TASK TO CARRY OUT
Only the lines running from the line with "Attico sui Monti" to the end of the listing below should be copied, exactly, without pictures.

SOURCE DATA
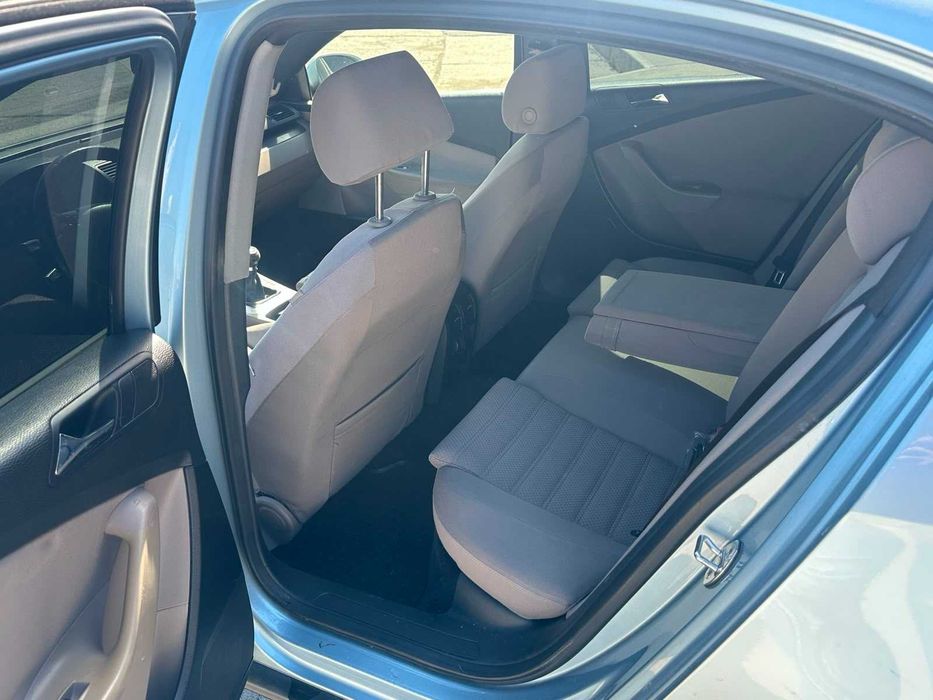 VOLKSWAGEN Passat 2005 — imagine 5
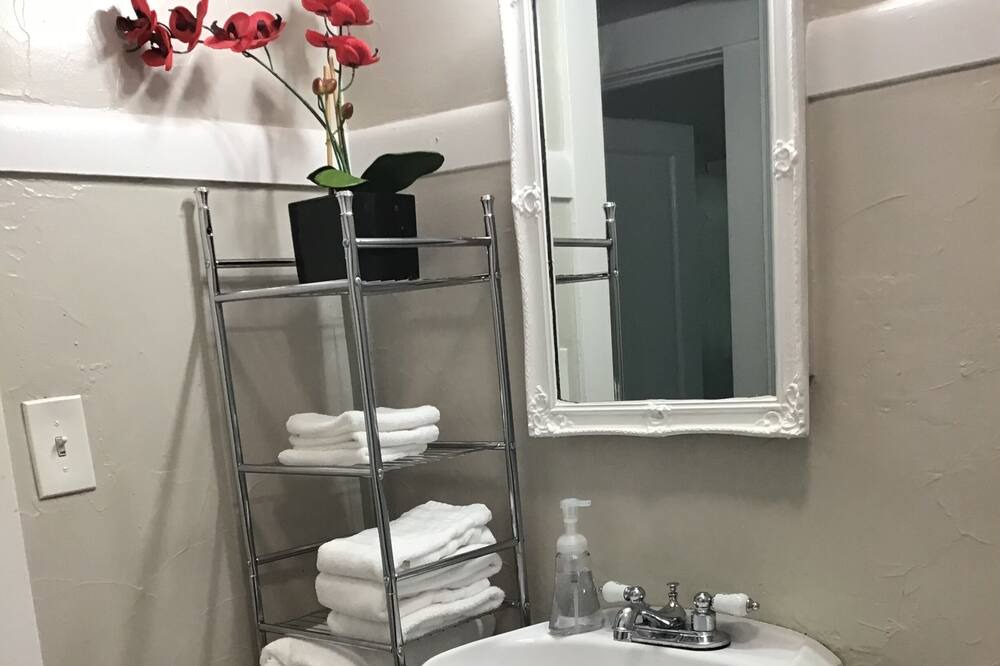 Photo of Bathroom in Cherry Street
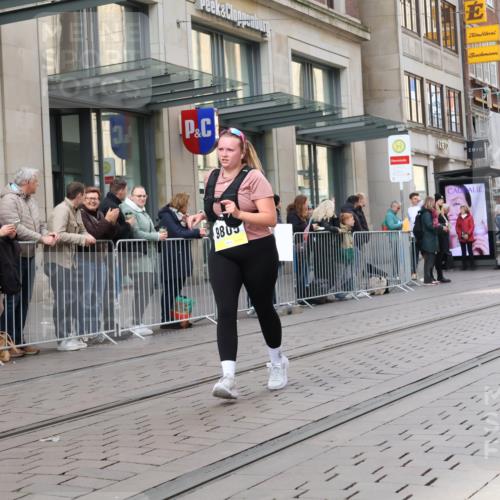 05.10.2025 - 20. swb-Marathon Bremen Strokosch-Dieckow http://msf.ph/oto/9280388 05.10.2025 11:17:06 Ziel 9805, 11008, 9805, 11008 meine-sportfotos.de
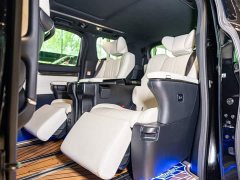 Lexus LM 300h seven-seater elegant version - photo 12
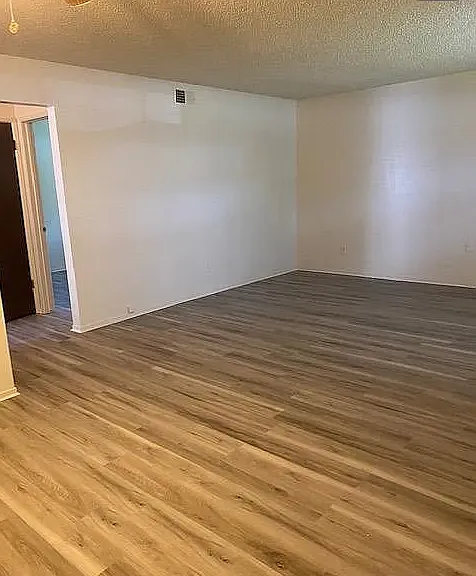 6446 Auburn Blvd #1 — Photo 4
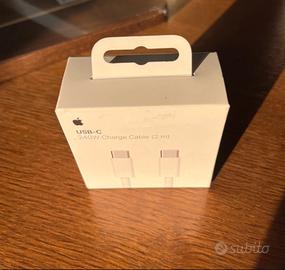 Cavo Apple porta USB-C a USB-C
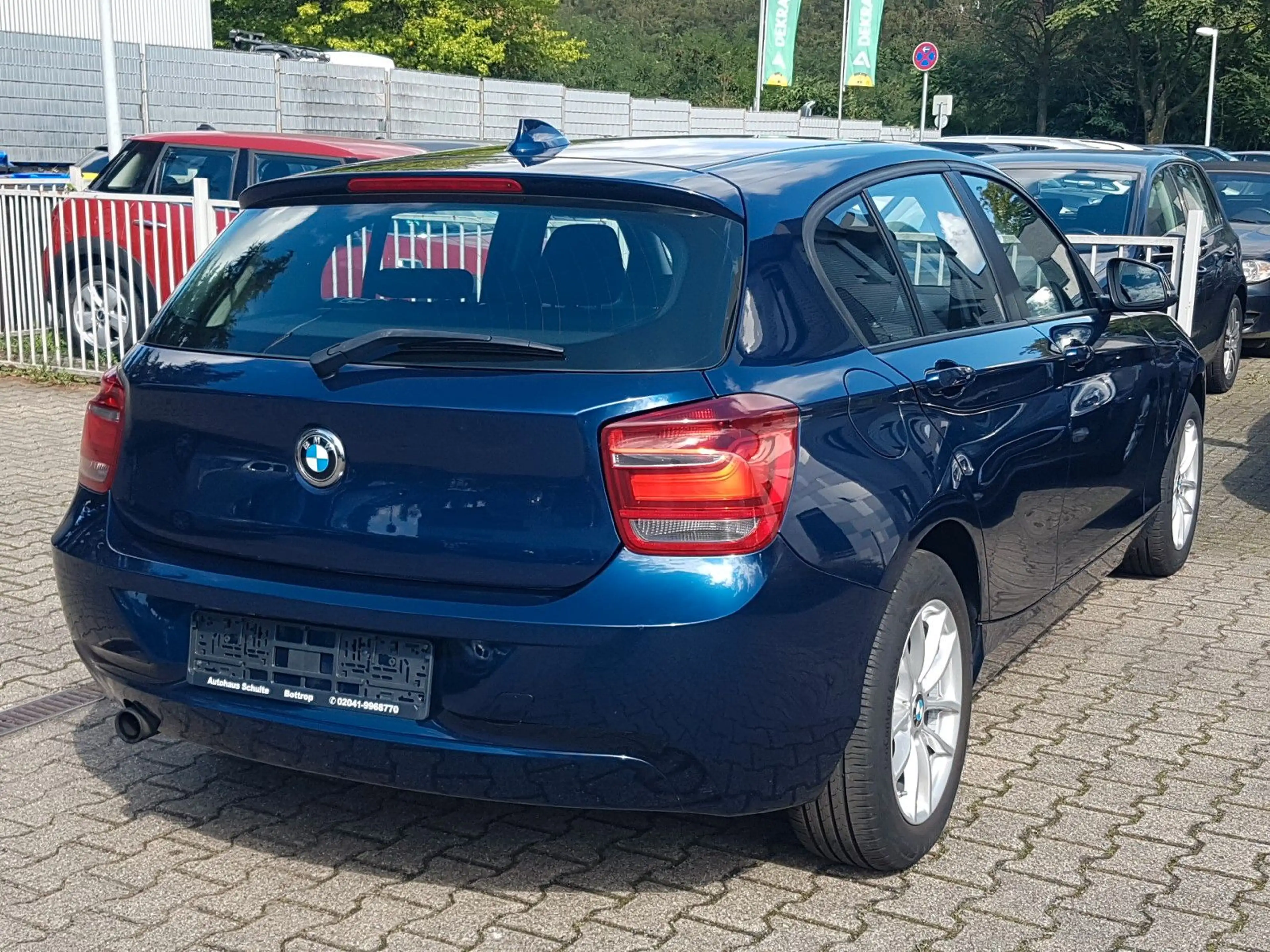 BMW 116 i Automatik 1.Hand eGlasdach Navi Sitzheizg. — photo 5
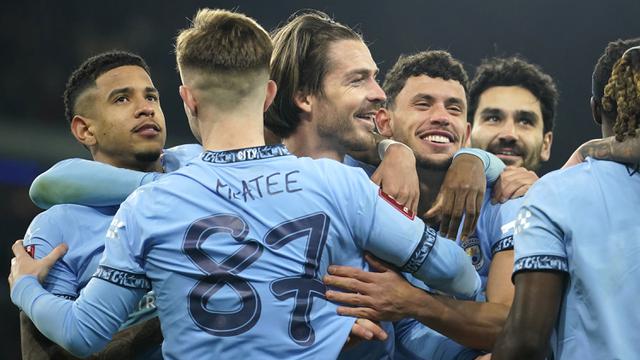 Foto: Pesta Gol Manchester City ke Gawang Salford City di Piala FA, James McAtee Cetak Hattrick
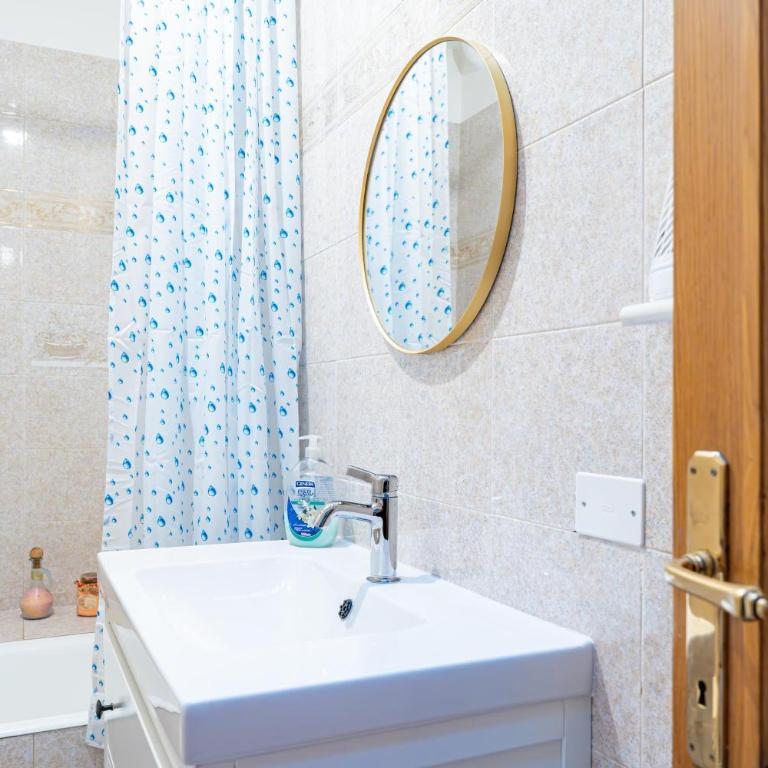 Attico sui Monti - Appartamento con 2 Camere da Letto - 15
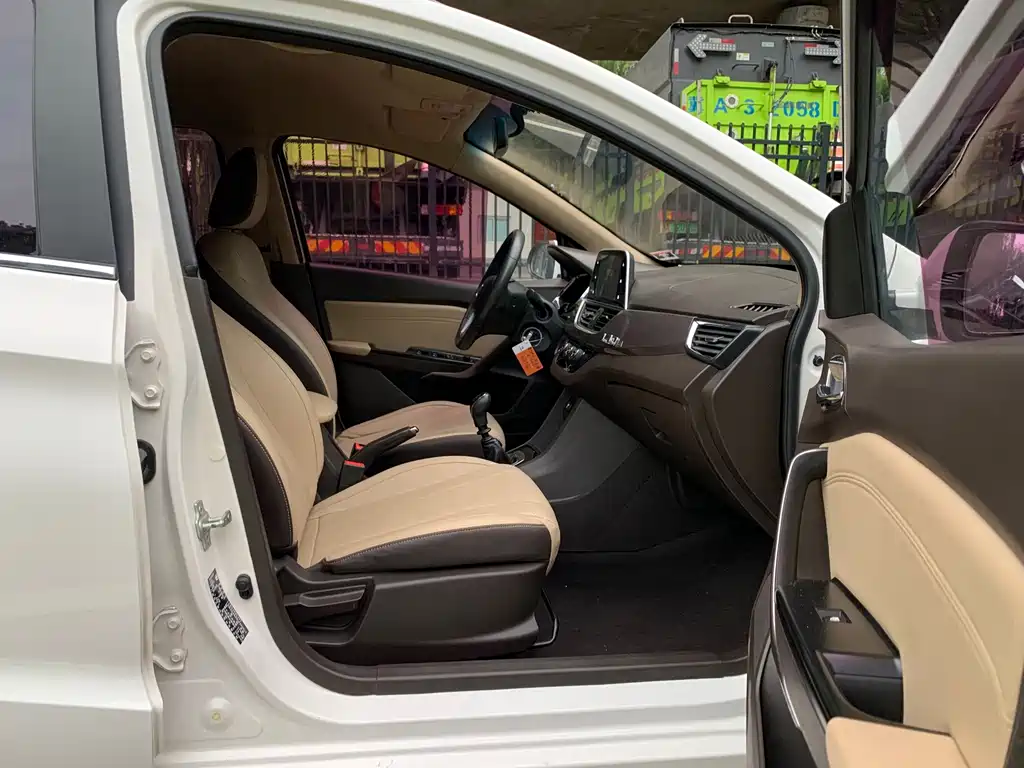 Baojun 310W — миниатюра 10
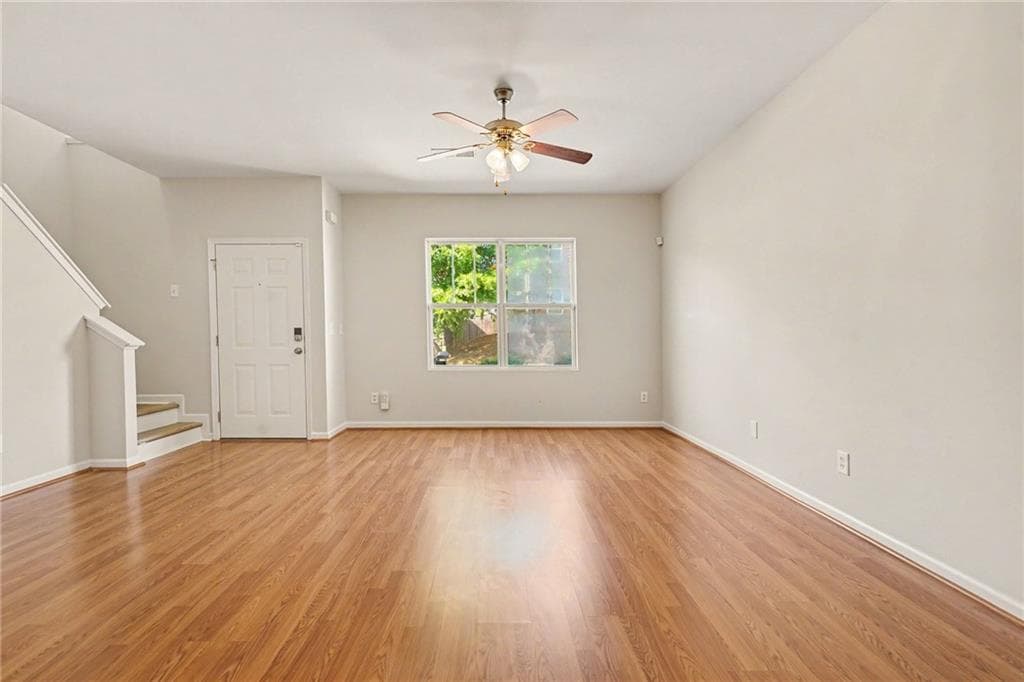 3 bedroom, 3 bathroom, 1,787 sq ft townhouse for sale at 4455 Watson Ridge Drive, Stone Mountain, GA 30083 — photo 5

SOLUTION TO THE EXERCISE
 Attico sui Monti - Appartamento con 2 Camere da Letto - 15
 Baojun 310W — миниатюра 10
 3 bedroom, 3 bathroom, 1,787 sq ft townhouse for sale at 4455 Watson Ridge Drive, Stone Mountain, GA 30083 — photo 5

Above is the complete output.